What you should do
The data below holds a line containing "Atminties Kortelių Skaitytuvas" and a line containing "Lawrence honors veteran"; please quote exactly those two lines and every line between them, and nothing else.

Data listing
==*==

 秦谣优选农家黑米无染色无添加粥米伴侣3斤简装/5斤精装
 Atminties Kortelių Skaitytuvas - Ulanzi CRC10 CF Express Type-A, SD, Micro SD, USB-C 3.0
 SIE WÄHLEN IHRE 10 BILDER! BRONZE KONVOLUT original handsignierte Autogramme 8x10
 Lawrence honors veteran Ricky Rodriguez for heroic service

==*==

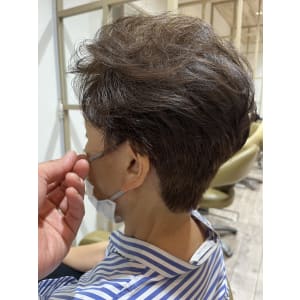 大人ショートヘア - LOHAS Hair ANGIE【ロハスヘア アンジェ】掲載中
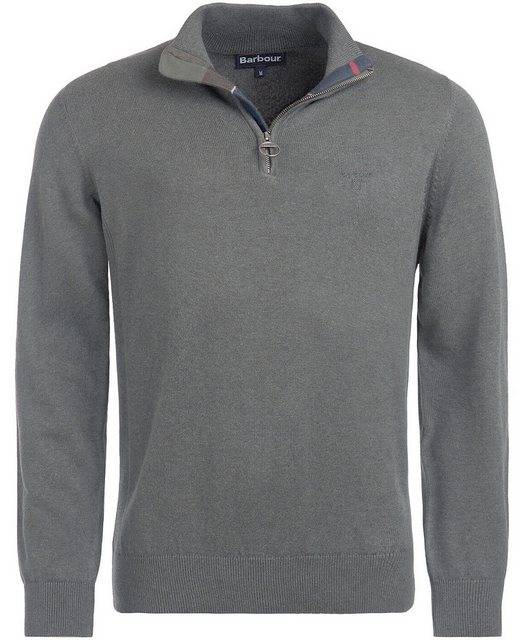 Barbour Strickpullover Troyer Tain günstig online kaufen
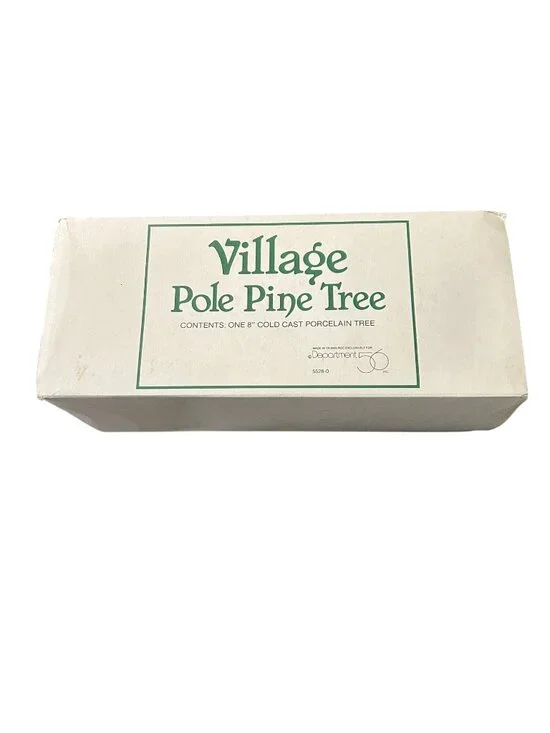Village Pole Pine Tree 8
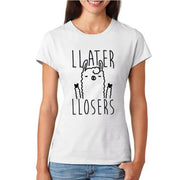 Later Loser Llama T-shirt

==*==

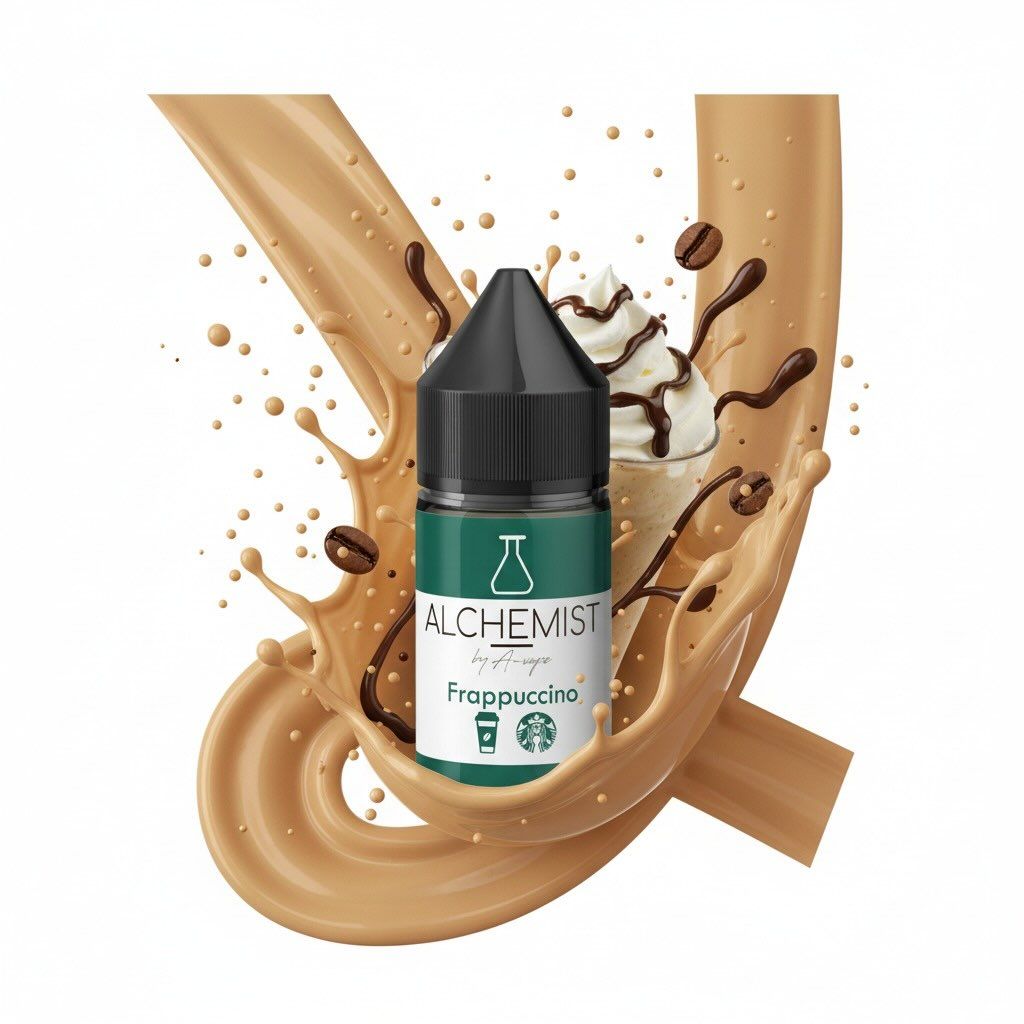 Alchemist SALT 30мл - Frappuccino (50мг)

==*==

Response for this exercise
 Atminties Kortelių Skaitytuvas - Ulanzi CRC10 CF Express Type-A, SD, Micro SD, USB-C 3.0
 SIE WÄHLEN IHRE 10 BILDER! BRONZE KONVOLUT original handsignierte Autogramme 8x10
 Lawrence honors veteran Ricky Rodriguez for heroic service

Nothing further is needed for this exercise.